Step 2 | Value Stream Management Workspace

  1. Check "Search for Monorepos" checkbox in the integration configuration
  2. Enter the marker/manifest file name to identify sub-repositories (e.g. lx-manifest.yaml). Only one manifest file name is accepted to identify a sub-repository.
1104

From the above setup, integration detects two sub-repositories (payment-service, pricing-service) and one main repository (onlineshop).

1071

👍

Sub-repositories detection

Sub repositories are only detected until level 2. For example,

.                              
└── onlineshop                   (level 1)
    ├── payment-service        (level 2)
        ├── lx-manifest.yaml
        └── src

For a tangible example please find a sample monorepo here

📘

Discovery of Monorepos via CI/CD

If you prefer to discover monorepo via your CI/CD build process you may refer to this guide.

DORA Metrics

Software Delivery Metrics are the best way for teams to track and monitor team productivity. The GitHub repository integration can automatically fetch information for two of the most important DORA metrics:

  1. Deployment frequency: Number of deployments to production for a Team.
  2. Lead time for changes: Time from committing a change to code successfully running in production.

Find below the mechanism by which the GitHub connector registers change and release events. Note that this (i.e. merge to default branch) is currently the only supported method of tracking these events.

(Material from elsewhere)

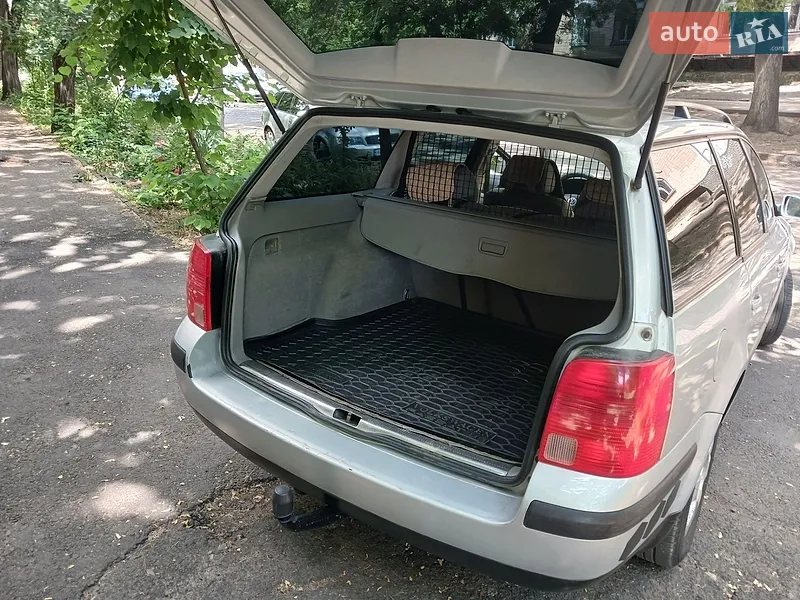 Volkswagen Passat 2000 VIN WVWZZZ3BZYE285746 фото оголошення 17 з 50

.                              
└── Release Events on Software Artifact
    ├── Collect all Pull Requests merged into the **default branch** for the last 30 days and 
          register each merged Pull Request as a Release event
        ├── Collect all commits on each merged Pull Request and register each commit as a 
              Change Event along with commit author metadata

For the added logic for mono repo, please see below

Follow this guide to automatically fetch Release & Change events from your GitHub repositories

Prerequisites

  1. You have already discovered Software Artifacts (e.g. via GitHub repository integration, K8s etc.) in your VSM workspace. For DORA metrics for Monorepos, you will also have to have these discovered already.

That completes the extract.